===== Supplied records
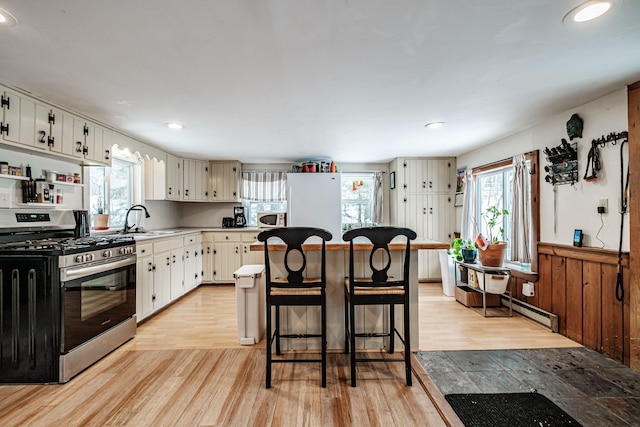 kitchen featuring white cabinetry, sink, white appliances, and light hardwood / wood-style flooring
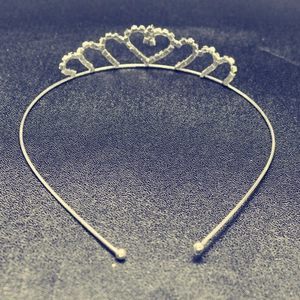 Detail view of a silver-colored heart-shaped tiara featuring sparkling white rhinestones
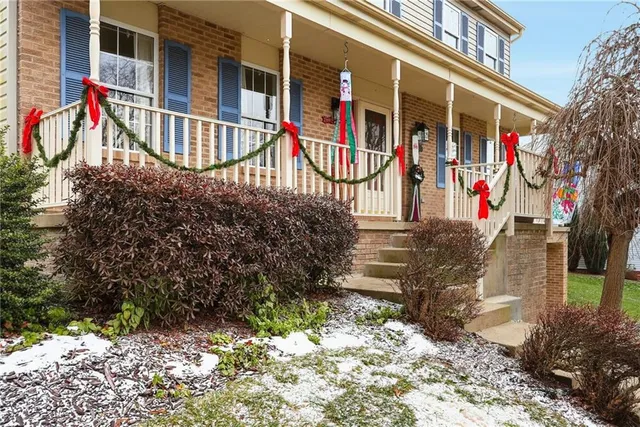a view of a brick house with large windows and flower plants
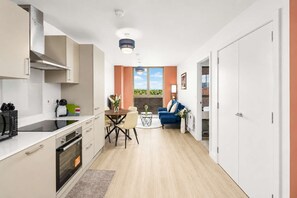 Eine moderne Küche mit Essbereich, einer Couch und Blick ins Freie.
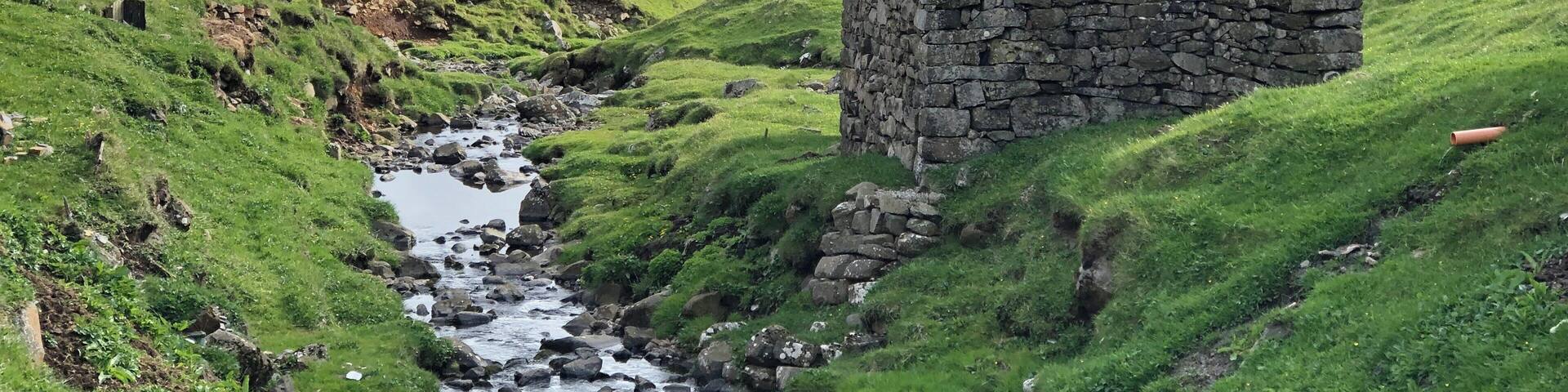 The small village on Mykines only has about a dozen year long residents. The helicopter supplies them twice a week and takes them to one of the other islands if they have the need. During the summer many visitors come to see the birds that nest on the island or one of the islets close by. There are also summer residents many who have family history on the island. This old stone building houses supplies and equipment.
==========
# What to produce
Repeat, without pictures, exactly the lines of the data above from the one containing "Detail view of" through the one containing "Eine moderne Küche", including both and adding nothing.

# The answer
 Detail view of a silver-colored heart-shaped tiara featuring sparkling white rhinestones
a view of a brick house with large windows and flower plants
 Eine moderne Küche mit Essbereich, einer Couch und Blick ins Freie.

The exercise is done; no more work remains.